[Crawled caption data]
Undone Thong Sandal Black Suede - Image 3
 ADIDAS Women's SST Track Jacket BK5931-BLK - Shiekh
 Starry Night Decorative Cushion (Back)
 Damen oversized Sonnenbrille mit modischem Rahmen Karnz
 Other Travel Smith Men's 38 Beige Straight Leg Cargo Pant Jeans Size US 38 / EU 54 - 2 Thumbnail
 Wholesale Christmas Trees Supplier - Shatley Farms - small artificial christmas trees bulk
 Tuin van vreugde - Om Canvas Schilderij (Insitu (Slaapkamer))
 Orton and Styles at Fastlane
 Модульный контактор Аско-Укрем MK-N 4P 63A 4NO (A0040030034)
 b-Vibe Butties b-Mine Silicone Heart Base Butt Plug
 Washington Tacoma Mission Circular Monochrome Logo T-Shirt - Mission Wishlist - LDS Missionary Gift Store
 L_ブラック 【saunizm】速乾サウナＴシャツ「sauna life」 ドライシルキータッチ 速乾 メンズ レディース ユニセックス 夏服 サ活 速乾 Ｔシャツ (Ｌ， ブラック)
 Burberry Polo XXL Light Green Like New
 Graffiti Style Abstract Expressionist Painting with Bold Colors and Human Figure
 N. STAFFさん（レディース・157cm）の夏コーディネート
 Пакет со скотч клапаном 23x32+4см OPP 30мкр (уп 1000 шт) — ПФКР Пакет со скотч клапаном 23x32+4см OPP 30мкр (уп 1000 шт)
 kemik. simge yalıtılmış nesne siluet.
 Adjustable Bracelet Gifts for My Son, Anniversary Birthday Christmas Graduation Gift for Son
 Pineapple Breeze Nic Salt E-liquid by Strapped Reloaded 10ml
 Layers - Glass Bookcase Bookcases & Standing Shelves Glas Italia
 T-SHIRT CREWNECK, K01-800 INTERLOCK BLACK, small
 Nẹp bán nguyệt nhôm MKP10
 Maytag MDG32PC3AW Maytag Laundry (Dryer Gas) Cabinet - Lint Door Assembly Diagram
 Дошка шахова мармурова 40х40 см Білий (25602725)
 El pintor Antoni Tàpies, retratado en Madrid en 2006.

Aim of the exercise: Look above for the line with "Adjustable Bracelet Gifts", then copy it and each later line exactly, stopping at the last line of the records.

Task output:
 Adjustable Bracelet Gifts for My Son, Anniversary Birthday Christmas Graduation Gift for Son
 Pineapple Breeze Nic Salt E-liquid by Strapped Reloaded 10ml
 Layers - Glass Bookcase Bookcases & Standing Shelves Glas Italia
 T-SHIRT CREWNECK, K01-800 INTERLOCK BLACK, small
 Nẹp bán nguyệt nhôm MKP10
 Maytag MDG32PC3AW Maytag Laundry (Dryer Gas) Cabinet - Lint Door Assembly Diagram
 Дошка шахова мармурова 40х40 см Білий (25602725)
 El pintor Antoni Tàpies, retratado en Madrid en 2006.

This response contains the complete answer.